この「神によって生まれた命」、それは闇には理解できず、死が勝利することが出来ない命です。聖霊の導きの中で、私たちが神である言を受け入れる時、私たちは神の子とされ、この命を与えられるのです。
 言、それは神の言です。それは世の初めから終わりまですべてを貫く神のご計画とも言えるし、語りかけとも言えるし、神の臨在そのものとも言える。だから、私たちが捉えることなど出来ようはずもありません。しかし、その神の言そのものである御子イエス・キリストは、私たちの間に肉となって生まれる前から、神と共にいまし、父・子・聖霊なる三位一体の神の中の「子なる神」として永遠の昔からいまし給う方なのです。その神の独り子が、14節にありますように、二千年前に「肉となって、わたしたちの間に宿られた」のです。
 それは何のためか。3章16節以下を読みます。

「神は、その独り子をお与えになったほどに、世を愛された。独り子を信じる者が一人も滅びないで、永遠の命を得るためである。神が御子を世に遣わされたのは、世を裁くためではなく、御子によって世が救われるためである。御子を信じる者は裁かれない。信じない者は既に裁かれている。神の独り子の名を信じないからである。」

 神様は、ご自身の独り子を世にお与えになった。それは、世を愛しておられるからです。これを与えてしまったら、もうあとには何も残っていないのに、たった独りの子を与えた。神様がそのようにまで深く強く愛する「世」とは、しかし、独り子である「言」が来ても受け入れない世です。そのことによって自ら裁きを招き、闇と死を自分自身にもたらしてしまう世です。そういう愚かにして惨めな世、そういう愚かにして惨めな私たちを、しかし、神様は愛し、独り子を与えて下さる。そして、独り子なる神、肉となって私たちの間に宿られた言は、そういう闇の子、死の支配の中に、ただ肉体が生きているだけの私たちを、光の子、永遠の命を生きる者とするために、ご自身の命を与えてくださいました。そのことを通して、私たちは神様の愛がどんなものであるかを知らされ、その愛に圧倒され、包まれて生きることが出来るようになったのです。

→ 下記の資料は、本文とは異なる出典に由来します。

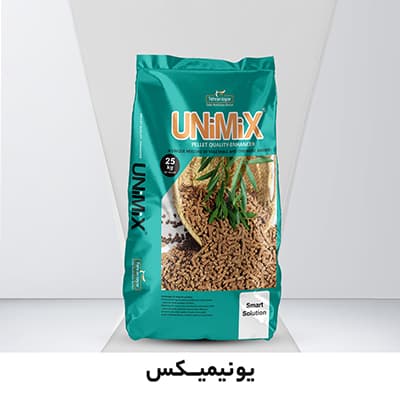 Pellet binder non-Rusya (pellet yem kalitesini artırıcı)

ヨハネは、この愛に打たれ、この愛に包まれ、この愛の中で生かされているので、何も恐れることなく、この福音書を書くことが出来た。この愛を証しするために。
 この福音書を読み進めていくと、主イエスが弟子たちにこう仰るところがあります。

「人々はあなたがたを会堂から追放するだろう。しかも、あなたがたを殺す者が皆、自分は神に奉仕していると考える時が来る。彼らがこういうことをするのは、父をもわたしをも知らないからである。」

 これも私たちの国でかつてあったことです。この国においてただひたすらにキリストを崇め、従っていこうとするキリスト者を殺すことは現人神天皇の名によって正当化されました。それはこの国家の中で合法的なことでした。そういう国家に再びなる可能性はいつだってあるし、今の政権が続けば、その速度は速まるでしょう。しかし、いわゆるキリスト教国が、神の名を語りながら不当な戦争を引き起こし、殺人を犯していることも事実なのです。それはいずれにしろ、父なる神を知らず、父と一体となって生きている子なる神を知らないからです。その愛を知らないからです。
私たちは、そういう世を裁くのではなく、愛し、救うために、最も大切なものを与えた父なる神、ご自身の命を与えた独り子なる神を聖霊の導きの中で信じる信仰を与えられたキリスト者です。このキリスト者としての命は、血筋によるのでも、肉の欲によるのでもなく、ただ神の恵みによって与えられたのです。だから私たちは、いつでもどこでも、「神の言であるキリストは、真に人であり、真の神です。私たちのために死んで下さり、甦り、今共に生きてくださる救い主です。私たちはこの方を信じ、この方によって生きています。この方を通して、私たちは父を知り、その愛を知りました。私の命を造り、生かしてくださっている方が誰であるかを知ったのです。この方を信じて生きるところに、人間の本当の命があり、喜びがあり、希望があります。この方は愛そのものだからです。あなたもこの方を信じて共に愛し合って生きようではありませんか」と、告白し、伝道する者でありたいのです。私たちもかつては世の者、世の闇の中に生きており、愛されていることも知らず、言を理解せず、拒絶していたのに、今はその愛を知り、信じる者に造り替えられました。その私たちは信仰の故に世から憎まれ、迫害されても、世を憎む理由はどこにもありません。御子がそうであるように、私たちも愛して生きる以外にしようがないのです。私たちの戦いは信仰と希望と愛による以外にないのです。
 まことの神の言である主イエスはこう仰いました。

「あなたがたには世で苦難がある。しかし、勇気を出しなさい。わたしは既に世に勝っている。」

 アーメン、その通りです。主イエスは既に世に勝っているお方です。初めにいまし、今いまし、永久にいますお方です。時代が変り、ものの考え方が変わり、国の体制が変わり、その都度、それがまるで永遠不変で唯一の絶対の思想や体制であるかのように喧伝されたとしても、所詮は「世」の「中」のことです。永遠のものなどありません。しかし、私たちの主イエス・キリストは、世の初めに既にいます方であり、世が造られる土台になった方であり、世の終わりに再び来られて神の国を完成される方です。私たちは、恵みによってこの方と出会うことが許され、信仰を与えられているのです。感謝し、賛美し、その信仰を告白しつつ、世の歩みをしっかりとなして参りたいと思います。